START MATERIAL FOR THE TASK

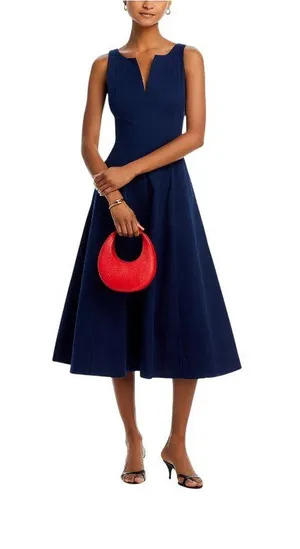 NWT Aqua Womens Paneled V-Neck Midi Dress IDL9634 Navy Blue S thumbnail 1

END MATERIAL FOR THE TASK
START MATERIAL FOR THE TASK

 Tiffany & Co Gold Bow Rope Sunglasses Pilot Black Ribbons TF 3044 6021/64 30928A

END MATERIAL FOR THE TASK
START MATERIAL FOR THE TASK

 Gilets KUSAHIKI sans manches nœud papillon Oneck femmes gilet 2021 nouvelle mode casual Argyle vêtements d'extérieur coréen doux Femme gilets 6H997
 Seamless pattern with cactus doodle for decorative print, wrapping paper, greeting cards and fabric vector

END MATERIAL FOR THE TASK

_YOUR INSTRUCTIONS_
Your answer should be the lines above from the one containing "Gilets KUSAHIKI sans" through the one containing "Seamless pattern with", copied exactly and with both ends kept.

_EXERCISE SOLUTION_
 Gilets KUSAHIKI sans manches nœud papillon Oneck femmes gilet 2021 nouvelle mode casual Argyle vêtements d'extérieur coréen doux Femme gilets 6H997
 Seamless pattern with cactus doodle for decorative print, wrapping paper, greeting cards and fabric vector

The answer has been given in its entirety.